Margarita A. Korzo, Holcot “Anonimous” That Is, The Heritage of Robert Holcot OP (ca. 1290-1349) in the 17th-Century Orthodox Literature: Two Cases

Volume XXVI: 2020

Philosophy — Theology — Spiritual culture of the Middle Ages
ISSN 0860-0015
e-ISSN 2544-1000

SUMMARY

The given study focuses on two cases of how excerpts from Robert Holcot’s OP (ca.1290–1349) works (In Librum Sapientiae and Moralizationum Historiarum) spread in the 17th-century Orthodox literatury. The English Dominican was one of the most prominent theologians and intellectuals of his time, belonging to the group of the so-called “classicizing friars” (Beryl Smalley). Fragments of Holcot’s works were known mostly ‘second hand’ in early modern times, their authorship having been forgotten. In this anonymous form, Holcot’s texts also reached adherents of the Orthodox Church — both in the Polish-Lithuanian Commonwealth and in Russia.

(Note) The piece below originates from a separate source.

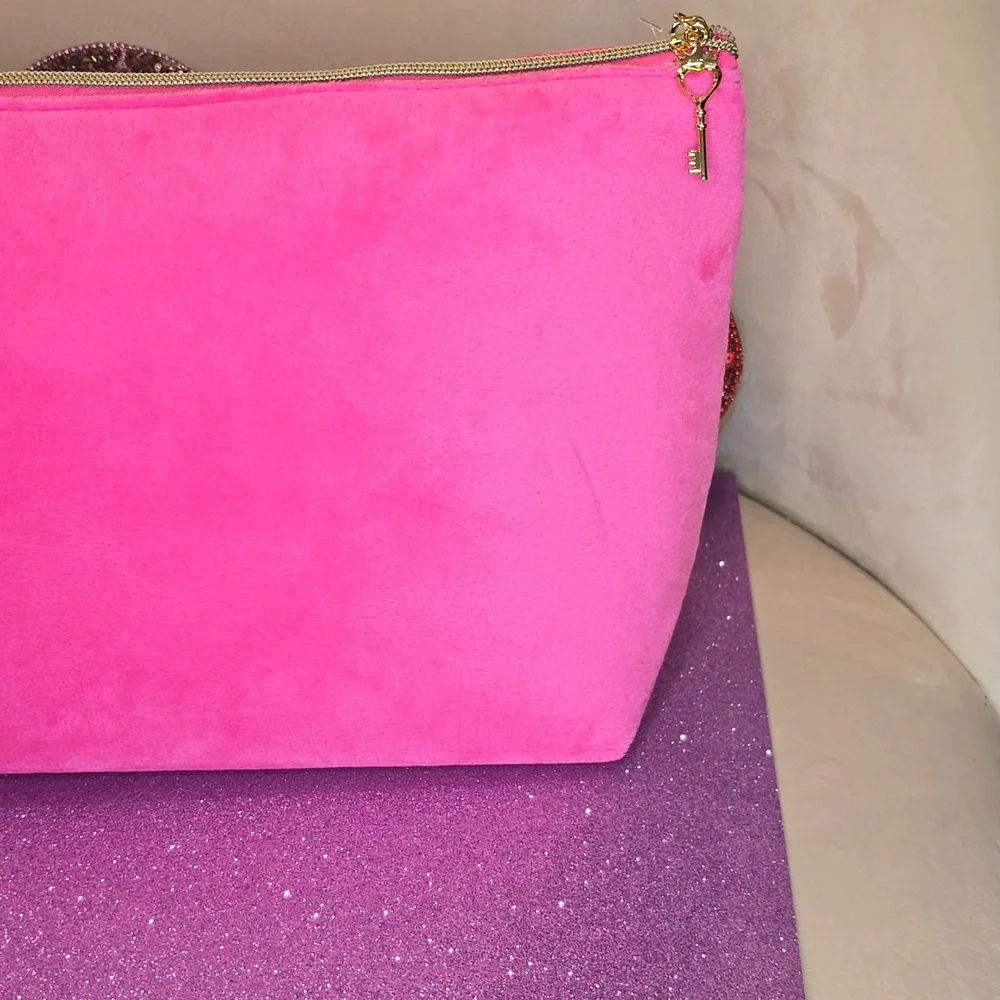 🎉HP🎉Juicy Couture 💖NWOT💖 Beautiful Pink Velvety Large Cosmetic Bag!💖💖💖 - Picture 9 of 10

The article analyzes an example of a funeral sample-sermon (from the Orthodox Ritual, Vilnius 1621), a sermon and a poem of Simeon of Polotsk (Obed duševnyj, Moscow 1681; Vertograd mnogocvetnyj, 1676–1680) based on Holcot’s ten arguments against excessive mourning for the dead, and the transformation of Holcot’s ‘verbal picture’ Picturam amoris sive amicitiae in a sermon on marriage (Ritual, Lviv 1644 and 1645).